Pojawiła się kategoria „wyrzutków”, których wpędzano do środka baku, i którzy często padali ofiarami agresji. Wyrzutkami były głównie osobniki młode, które nie znalazły dla siebie roli społecznej w hierarchii myszy. Problem braku odpowiednich ról społecznych został spowodowany faktem, że w idealnych warunkach baku myszy żyły długo, a stare myszy nie robiły miejsca dla młodych gryzoni. Po wyrzuceniu samce przeżywały załamanie psychiczne, wykazywały mniejszą agresję, nie chciały bronić swoich ciężarnych samic i pełnić żadnej roli społecznej.

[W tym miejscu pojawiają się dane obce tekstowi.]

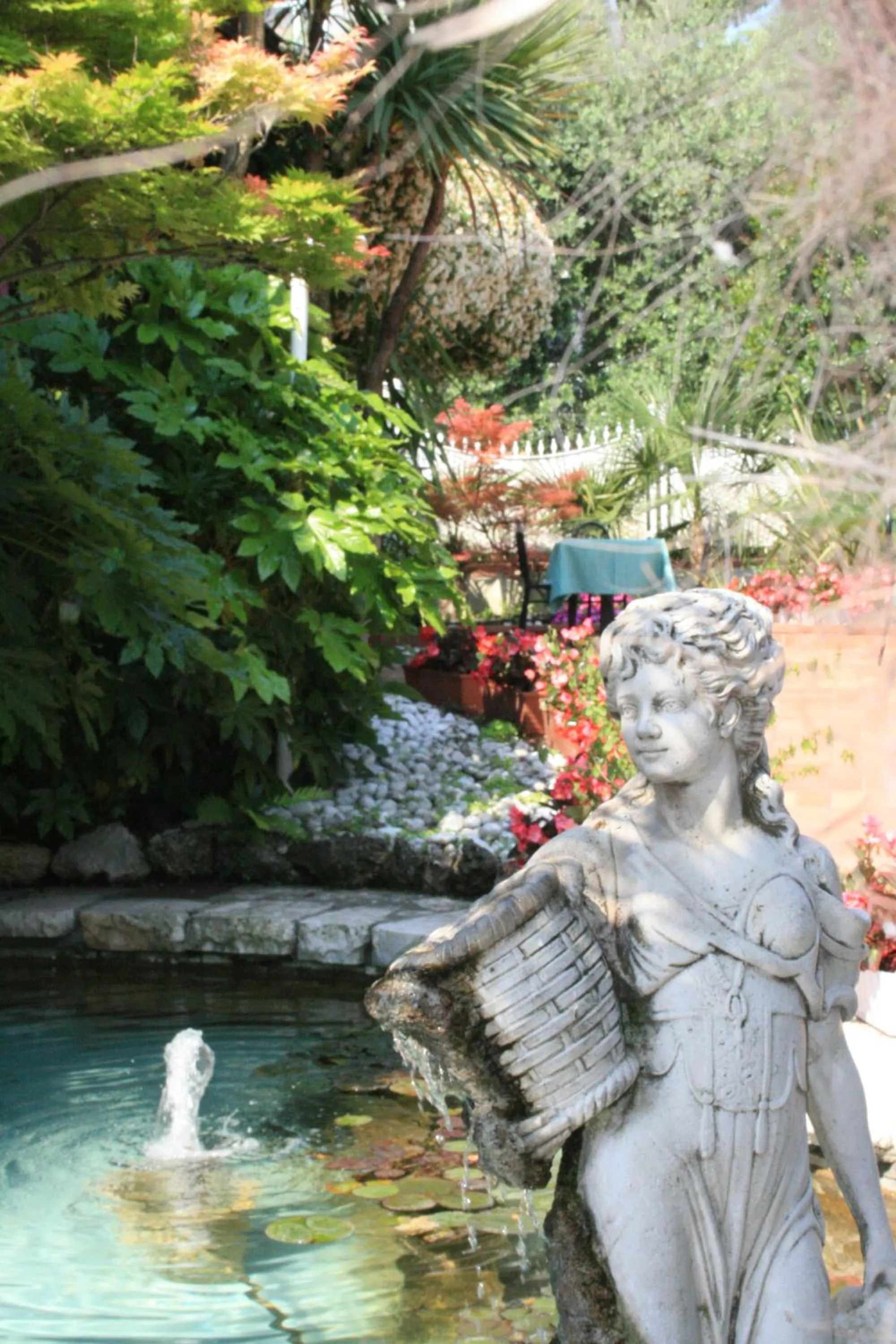 Property building in HOTEL Villa Lilla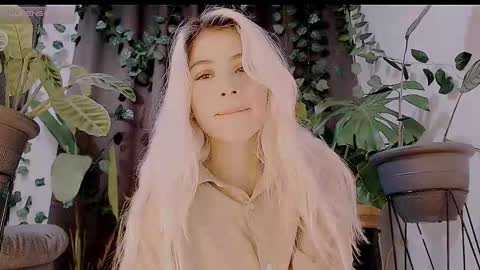 luckysapphire777 online show from October 26, 2025, 12:22 pm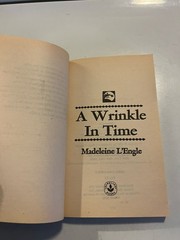 A Wrinkle in Time by Madeleine L’Engle 1976 vintage paperback Stranger Things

Samice, przygotowujące się do porodu, stawały się coraz bardziej nerwowe, w wyniku zwiększonej bierności wśród mężczyzn, stawały się bardziej podatne na przypadkowe ataki. W rezultacie samice zaczęły wykazywać agresję, często walczyły, aby chronić potomstwo. Często jednak samice zabijały swoje młode, przenosiły się do górnych gniazd, stawały sie agresywnymi pustelnicami i rezygnowały z reprodukcji. W rezultacie liczba urodzeń spadła znacząco, a śmiertelność młodych zwierząt osiągnęła wysoki poziom.

Wkrótce rozpoczęła się faza D — ostatni etap istnienia mysiego raju. Symbolem tego etapu było pojawienie się nowej kategorii myszy, zwanej „piękną”. Taką nazwę otrzymała, ponieważ, w przeciwieństwie do większości innych mieszkańców baku, na ich ciele nie było śladów brutalnych walk, blizn i wyrwanej sierści. Byli to samce, wykazujący nietypowe zachowania, nie chcący walczyć o terytorium i samice, nie wykazujący chęci do współpracy, mający skłonność do biernego trybu życia. „Piękni” tylko jedli, pili, spali i czyścili skórę, unikając konfliktów i realizacji wszelkich funkcji społecznych. Wśród ostatniej fali urodzeń w baku „piękni” i samice-pustelniczki stanowili większość.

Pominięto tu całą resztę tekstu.